(WHAT YOU SHOULD DO): Copy, exactly and without additions, every line in the records below from the one holding "Naklejka premium Floating" through the one holding "Madre la lettura", both ends included.

(MATERIAL FOR THIS EXERCISE):
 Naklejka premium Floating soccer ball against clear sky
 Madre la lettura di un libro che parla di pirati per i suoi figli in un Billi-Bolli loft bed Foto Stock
...
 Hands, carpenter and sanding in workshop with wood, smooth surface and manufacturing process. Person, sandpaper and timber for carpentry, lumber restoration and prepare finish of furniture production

(OUTPUT OF THE EXERCISE):
 Naklejka premium Floating soccer ball against clear sky
 Madre la lettura di un libro che parla di pirati per i suoi figli in un Billi-Bolli loft bed Foto Stock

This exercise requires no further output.